Suriyeli yetim ve öksüzlerle ilgili sorunun giderek büyüdüğünü belirten Adli Bilimciler Derneği Başkanı Prof. Dr. İ. Hamit Hancı, 2011 den beri Suriye'deki iç savaşta pek çok insan hayatını kaybettiğini, 2017 verilerine göre 800 bin çocuğun anne ya da babasını ya da ikisini kaybederek öksüz ya da yetim kaldığını söyledi. Hancı, ''Şu anda belki bu sayı 1 milyon. Az bir kısmı Suriye, Türkiye ve Ürdün'deki yetimhanelerde barındırılan çocukların çoğu sokaklarda yaşam mücadelesi veriyor. Suriyeli yetim ve öksüzler organize suç örgütleri, terör örgütleri, uyuşturucu ve fuhuş çeteleri ile organ nakli mafyasının hedefinde. Türkiye de ise, pek çok aile evlat edinme kuyruğunda. Aile ve Sosyal Politikalar Bakanlığı rakamlarına göre Türkiye'de 2 bin 100 aile evlat edinme sırasında bekliyor. Özellikle ülkemizdeki ve Türkiye’nin kontrolündeki bölgelerde tek ebeveynli de olsa ailesiyle yaşayan çocuklar ayni ve nakdi desteklerle desteklenmelidir. Ancak hiç aile desteği olmayan Suriyeli kimsesiz çocukların evlat edinilmelerini ya da koruyucu aileye verilmelerini sağlayacak yasal çalışmalar yapılmalıdır'' diyerek konuya dikkat çekti.

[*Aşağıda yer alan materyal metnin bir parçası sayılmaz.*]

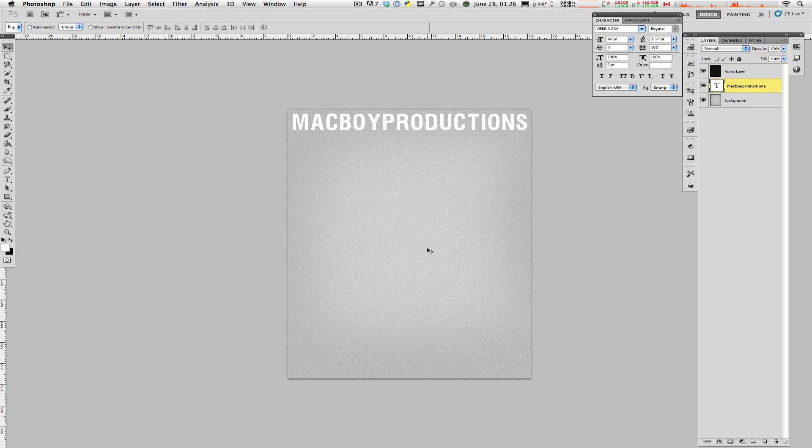All right, boys and girls, thanks a lot for watching. This is Macboy from Macboy Productions. And once again, please don't forget to rate, comment, and subscribe to these videos and channel. And I will see every single one of you next time, right here on Macboy Productions.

'BATI ÜLKELERİ KONTROLLÜ GÖÇLE ÇOCUKLARI GÖTÜRÜYOR'
Suriyeli çocukların bir kısmının zaten gizlice batıya götürüldüğünü veya kaçırıldığını ileri süren Prof.Dr. İ. Hamit Hancı ''Batıda genç nüfus azaldı. Esasında Kontrollü bir şekilde göçü teşvik ediyorlar. Tarihte Kazım Karabekir paşanın yaptığı gibi, bu çocukları ya yanımıza alıp kazanacağız, bir olacağız ki , devlet bunu tek başına yapamaz, milletle sorumluluğu bölüşmelidir. Ya da karşımızda organize suç örgütü, terör örgütü üyesi ya da sempatizanları bulacağız. Bir an önce karar vermeliyiz'' dedi. Hancı, şöyle konuştu:
''Zaman su gibi akıp geçiyor. Doğu cephesine tayin olan Kazım Karabekir Paşa, büyük savaşlardan çıkmış bir ülkede yetim ve öksüzleri devlet korumasına almıştı. Bu çocuklar toplatıldı ve onlara çelişik bir ifade kullanılarak 'Gürbüz Çocuklar Ordusu' denildi. Askeri ve zanaat eğitimleri verildi. Meslek edindirildi. 1992 –1995 yıllarında yaşanan Bosna savaşında bu yapılamadı. Savaş ta yetim kalan çocuklar ya da sistematik olarak tecavüz edilen kadınlardan doğan çocuklar yitik bir nesil oldular. Belki de DEAŞ'a Balkanlardan bu kadar çok katılım olmasının sebebi buydu. Travmatik bir çocukluk geçiren bu neslin, içlerindeki öfkeyi boşaltacak bir alan arayışıydı. Aynı olay Suriye’de de yaşanmasın. Aynı Coğrafyanın bileşenleri ve her şeyden önce İnsan olan bu çocukları hem onlar için , hem ülkemizin uzun vadeli güvenliği için koruma altına almalıyız. Devletin yükünü de ailelerle paylaştırmalıyız."